Segment Start: RECORDED INFORMATION

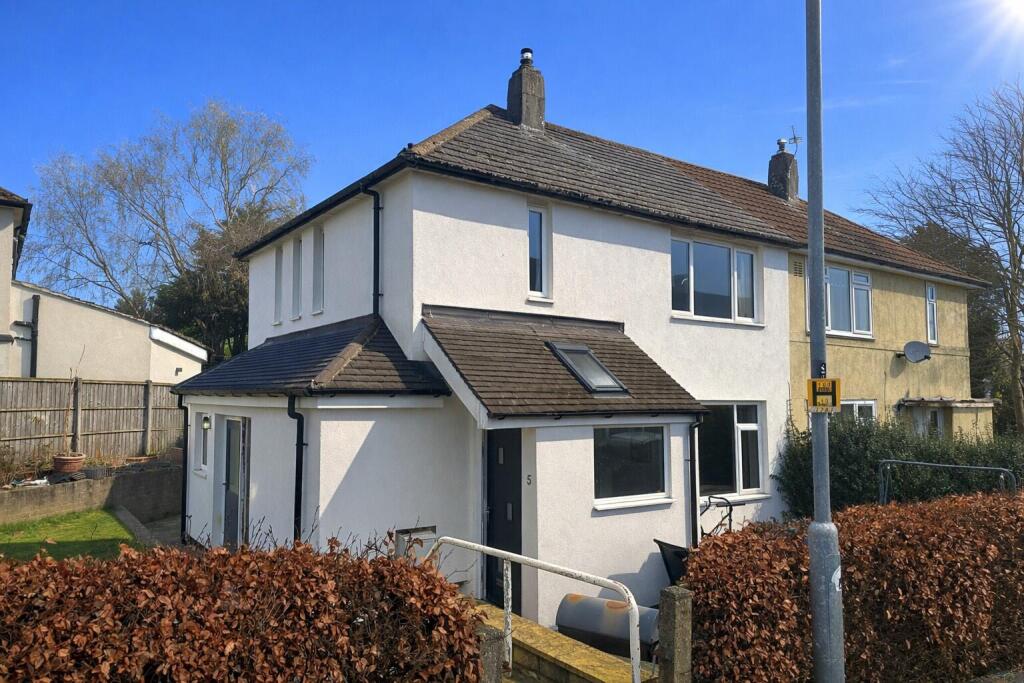 Main image of property: Raynel Approach, Leeds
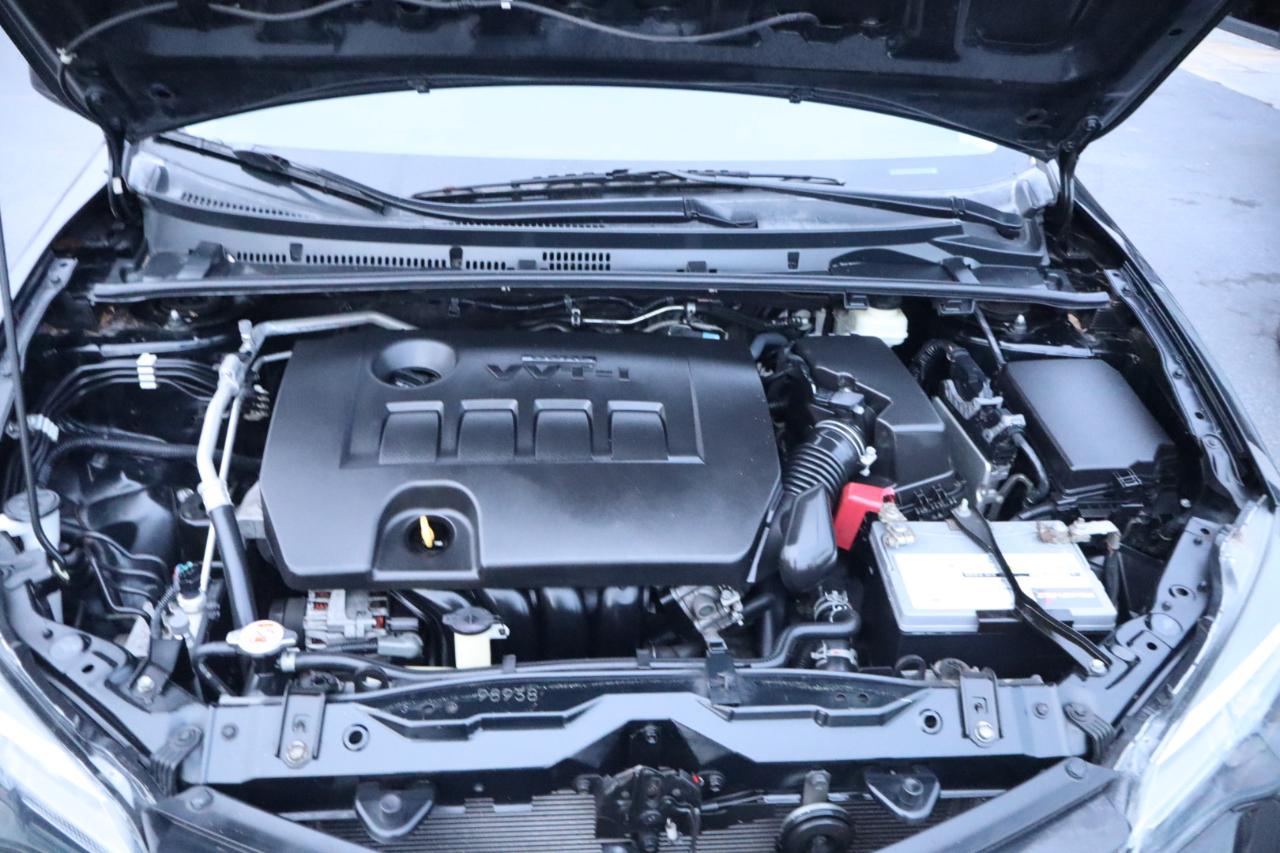 Toyota Corolla XLE CVT (Natl) 2018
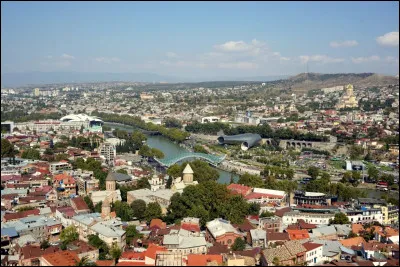 De quel pays Tbilissi est-elle la capitale ?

Segment End: RECORDED INFORMATION

--- ACTIVITY ---
Give every line of the data above again as it stands; the pictures stay out.

--- YOUR SOLUTION ---
 Main image of property: Raynel Approach, Leeds
 Toyota Corolla XLE CVT (Natl) 2018
 De quel pays Tbilissi est-elle la capitale ?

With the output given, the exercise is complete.